What measures has your organization taken to ensure that customers have access to water during natural disasters?  WE_bug_web

  • Jonathan McClelland.

    I’m sorry to hear of your personal loss from the most recent fire. In some cases there are no practical redundancies to cover every possible scenario, and in the case of centralized supply are even more difficult to account for every possible weak link in a complex system. Would you have been able to irrigate adequately if your pump hadn’t failed? Would you have been able to power a pump from back-up power as grid power is frequently not available in widespread emergencies? All these are questions we need to answer going forward, so we are better equipped to deal with natural disasters in the future. This is something that insurance companies might want to consider offering rebates for as well, since extreme events are increasingly more likely.

    • I agree that it’s difficult to account for all of the potential vulnerabilities in a system but I think that the discussion is an important one. Awareness is the key.

  • Antonio De la Cruz.

    Thanks for sharing your experience. Apart from forest management including prescribed fires and in addition to back up power and large water tanks, green infrastructure (GI) could be effective to mitigate forest fires. Detention and retention GI (green barriers, permeable dams, ponds, wetlands, rain gardens, etc.) could help to store water (surface and subsurface) to reduce temperatures and extract water (from wells) that could be used as needed to mitigate forest fires. Therefore, GI is multipurpose, with good planning, the same investment reduces flooding, recharges ground water and fights forest fires. I wish well to your family and neighbours.

  • Antonio De la Cruz.

    I am sorry but the comment above of Mr. McClelland is not clear to me. If you have a back up power such as an electricity generator for emergencies why do you need power grid to operate it? The idea of having a back up power is to be independent of grip power during emergencies, if needed.

  • Dr Edo McGowan.

    Laura, sorry to hear of your situation. On a broader community scale it would be useful for the formation of a citizens fact-finding committee, while this is all fresh, to critically review existing contingency plans for public safety. Many times I have asked various agencies for their contingency plan for this event or that. I am usually assured that there are contingency plans but many times, when the hand reaches for “the plan” the hand comes back empty or badly wanting. Political and bureaucratic systems do not easily admit short comings and the people need to understand that. A slight of hand to cover for a lack of operational contingency plan may be the new norm. As my first job out of graduate school, I was trained by Mr. A. Alan Post and his agency, the state’s Legislative Analyst to look critically at how bureaucratic systems work (or don’t work).

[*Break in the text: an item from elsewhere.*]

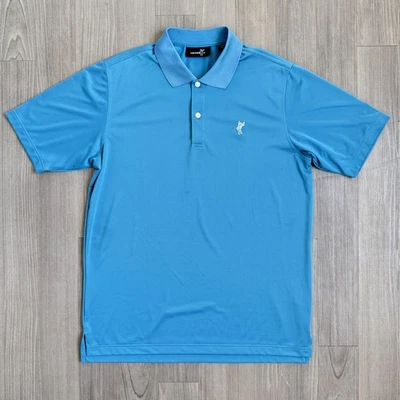 Camisa Polo Ashworth Para Hombre Grande Rendimiento de Golf Ligera Bordada Atlética Foto 1 de 4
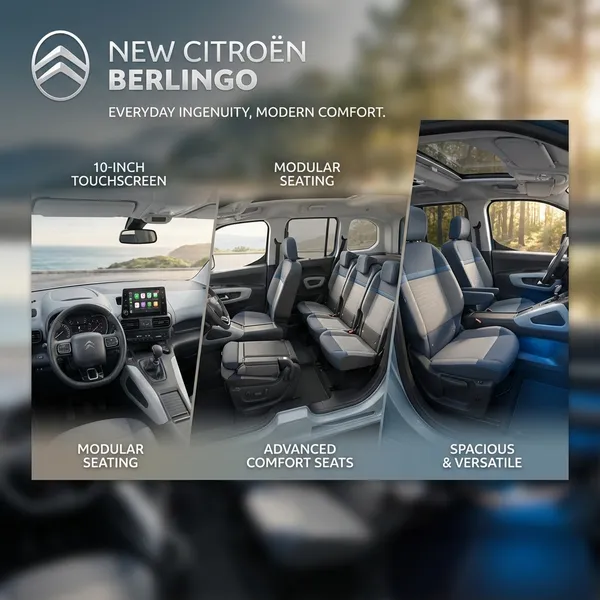 New Citroen Berlingo Interior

    In post disaster reviews, the NTSB has a well developed protocol which can be adapted. We are at risk in this area from a number of potential flaws. This fire is a good learning tool. The road out of the area is a known issue as amply demonstrated by the flipped oil tanker next to Turnpike shutting down 101 north during a major fire evacuation, then 101 south had problems and then 150 was closed, then 154 was closed———–where to go and how? Do you think this will see a review? The grid is and has been at serious risk for a long time and everyone kinda hopes that it will continue to kinda be OK. But in reality, the grid if failing during a big rain and runoff across now denuded expanding clay soil base soil, could leave the area without power for weeks. We were all upset with the paucity of water supplies during the drought but then a good rain came and most went to other issues. We have a new state law to affect groundwater but, what the heck, we have water———-or do we?